Check: L2 regularization is equivalent to which Bayesian operation?

Placing a zero-mean Gaussian prior on the weights and finding the MAP estimate Marginalizing over all possible weights Choosing the prior that maximizes the evidence

Chapter 5: Bayesian Linear Regression

Instead of finding a single best w, the Bayesian approach maintains a posterior distribution over all possible weight vectors. We start with a Gaussian prior:

p(w|α) = N(w|0, α⁻¹I)

Combined with the Gaussian likelihood from Chapter 2, the posterior is also Gaussian (conjugacy at work!):

p(w|t) = N(w|m_N, S_N)

with mean and covariance:

m_N = β S_N Φ^T t

S_N⁻¹ = αI + β Φ^TΦ

Bayesian Linear Regression

Click the canvas to add data points. Watch the posterior over weights sharpen and the predictive uncertainty shrink in regions with data.
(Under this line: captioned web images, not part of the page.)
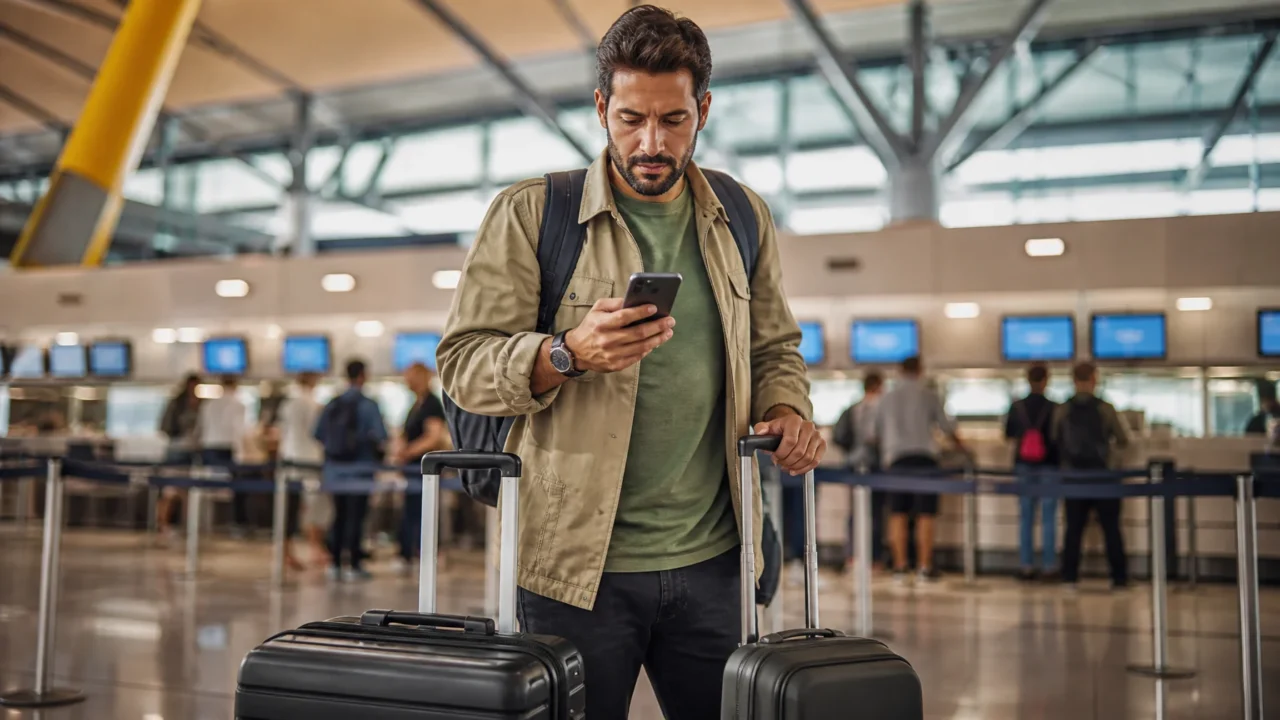 Passagem com milhas inclui bagagem? Veja o que conferir antes de emitir - Viajante conferindo a franquia de bagagem antes de emitir passagem com milhas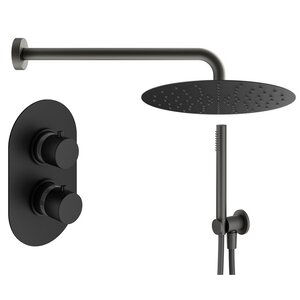 Изображение товара Душевая система Plumberia Selection Ixo KITXOT18NOKING термостатическая черный матовый
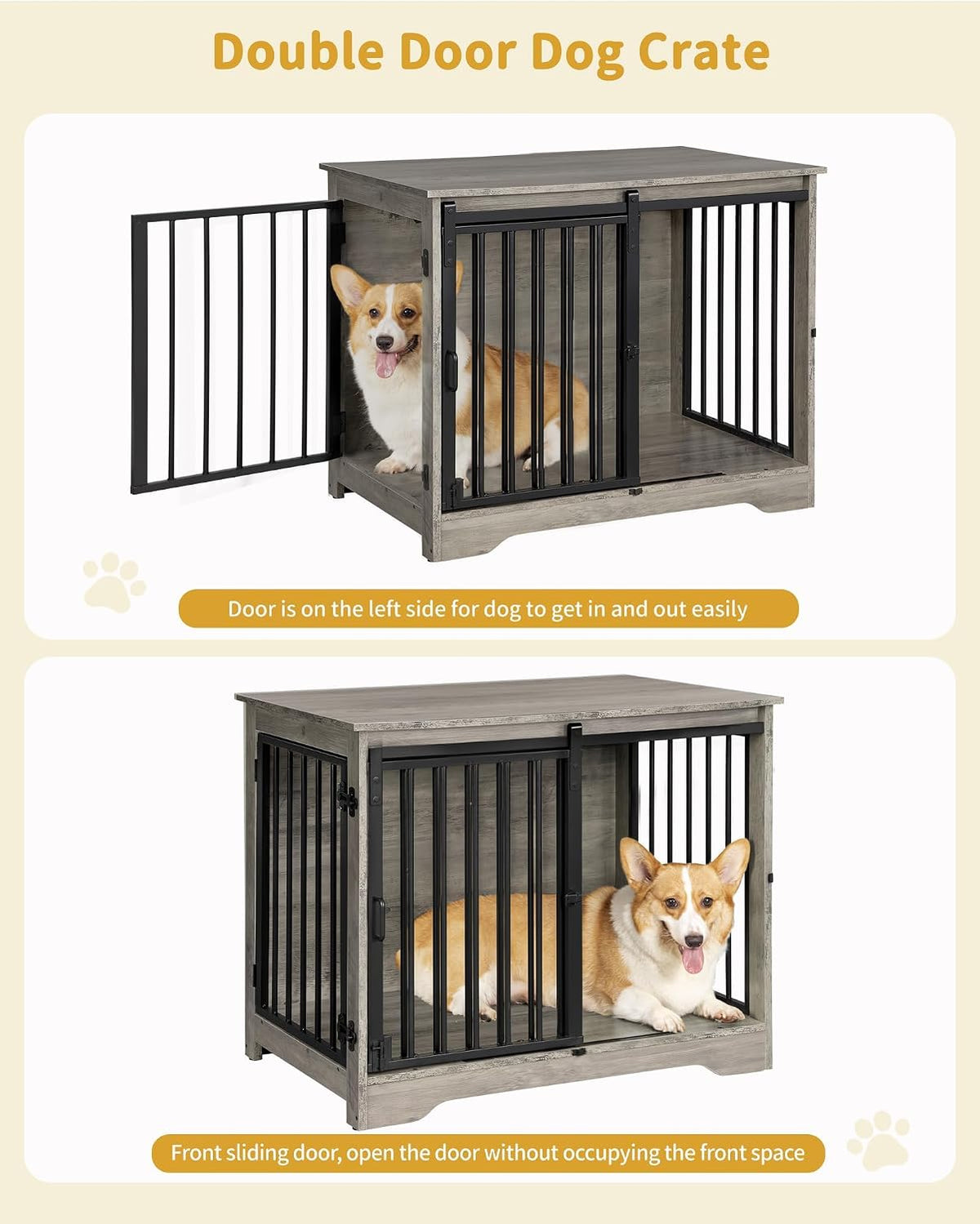 Hzuaneri 77.6 in Double Dog Crate Furniture - Greige / 31.9"L x 21.7"W x 26.6"H - image 3
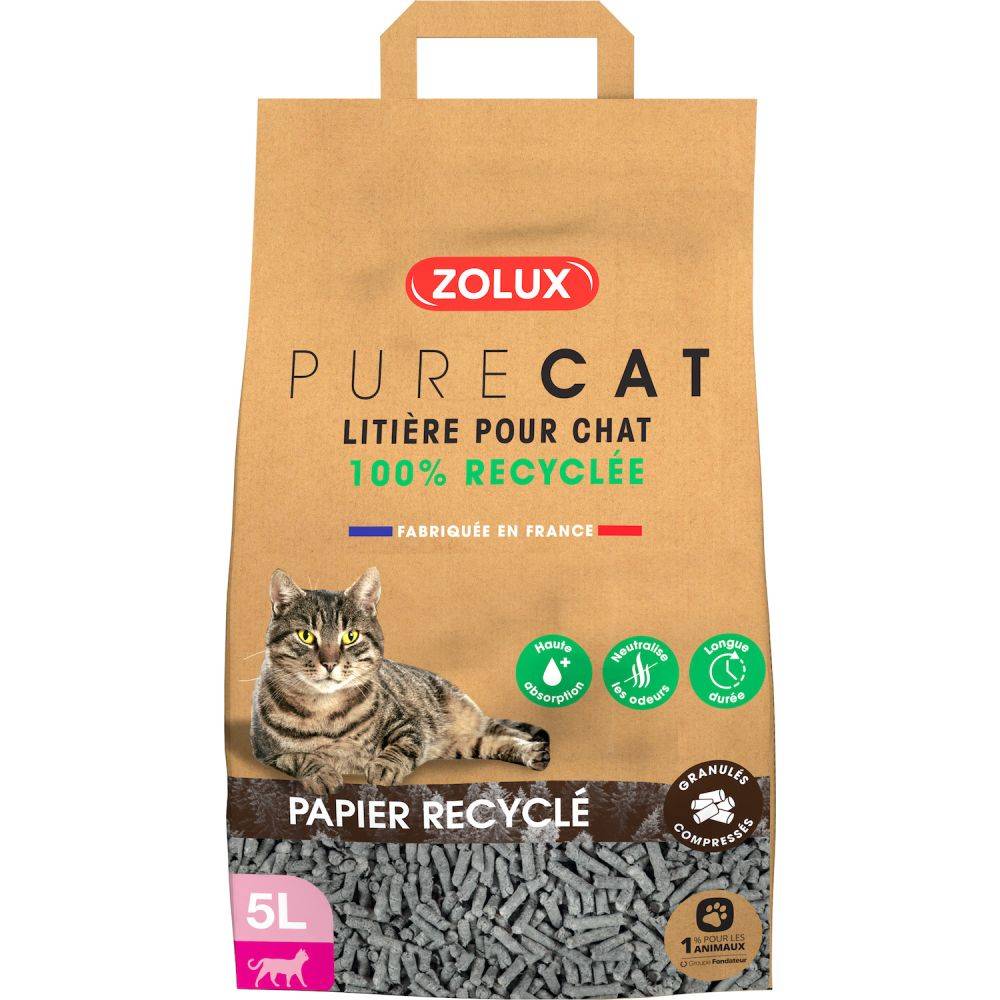 Zolux - Arena ecológica diseñada en papel reciclado Purecat 5 litros - Imagen 3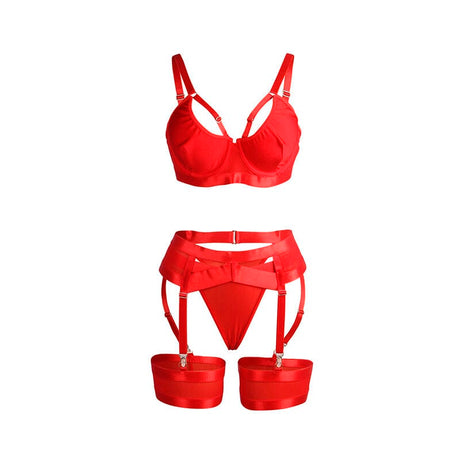 Strumpfband 955250 Roter Bondage-Bh mit Strumpfband-Set S/M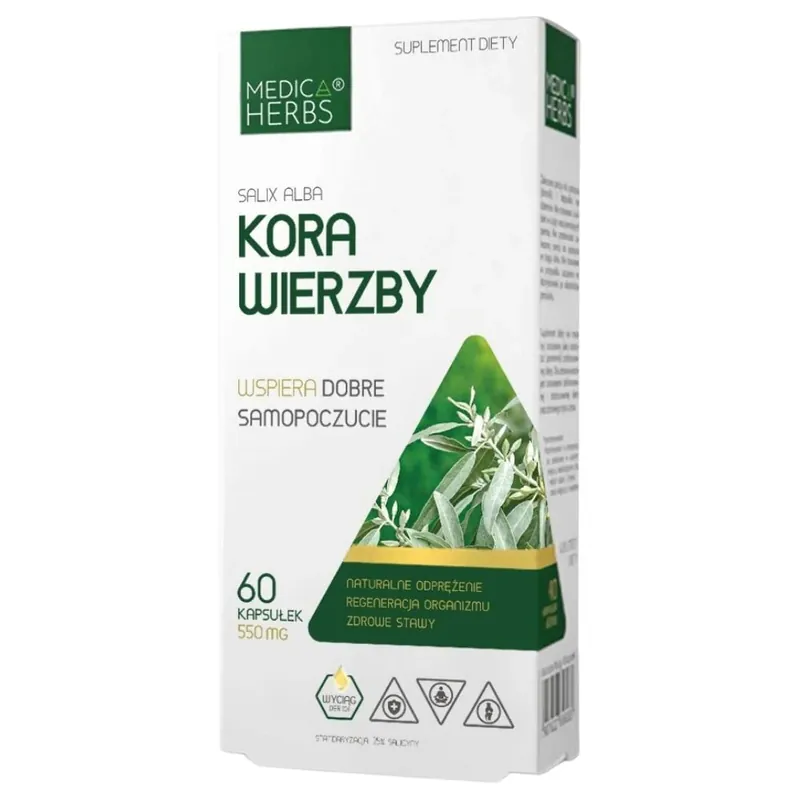 Medica Herbs Willow Bark 550 mg - 60 Capsules High Quality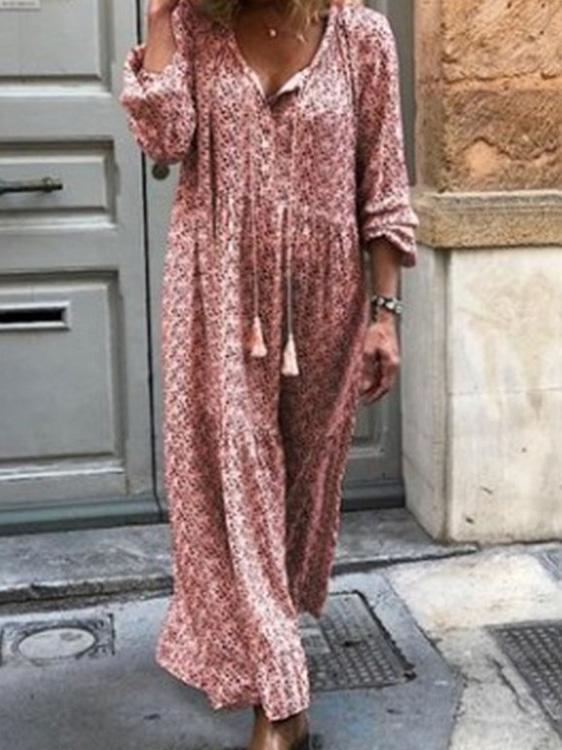 Women's Dresses Bohemian Long Sleeve V-Neck Printed Dress - Maxi Dresses - INS | Online Fashion Free Shipping Clothing, Dresses, Tops, Shoes - 10/09/2021 - 30-40 - Category_Maxi Dresses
Click canvas to add points

Sequential updating: Each new data point (x_n, t_n) updates the posterior: the previous posterior becomes the new prior. After all N points, we get the same result as processing them all at once. This is identical in spirit to the beta-binomial sequential updating in Ch 2, but now in weight space.

The posterior mean m_N equals the regularized least-squares solution with λ = α/β. But the Bayesian approach gives us much more: the full covariance S_N tells us how uncertain we are about each weight and how they correlate.

Check: What happens to the weight posterior as we observe more data?

It becomes narrower (more concentrated), reflecting increased certainty about the weights It becomes wider to accommodate more data It stays the same because the prior dominates

Chapter 6: The Predictive Distribution

The real payoff of Bayesian regression: to predict a new target t for input x, we don't plug in a single weight vector. Instead, we average over all possible weights, weighted by the posterior:

p(t|x, t, α, β) = ∫ p(t|x, w, β) p(w|t, α, β) dw

Because both factors are Gaussian, the integral is tractable:

p(t|x, t) = N(t| m_N^Tφ(x), σ_N²(x))

where the predictive variance is:

σ_N²(x) = 1/β + φ(x)^T S_N φ(x)

Two sources of uncertainty: The predictive variance has two terms. The first, 1/β, is the noise variance — irreducible randomness in the data. The second, φ^TS_Nφ, is the epistemic uncertainty — our uncertainty about the weights. This second term shrinks as we see more data. It's large far from training data (where we're unsure) and small near training data (where we're confident).

This is the foundation of modern uncertainty quantification. A model that says "I don't know" in unfamiliar regions is far more trustworthy than one that always gives confident (but potentially wrong) predictions.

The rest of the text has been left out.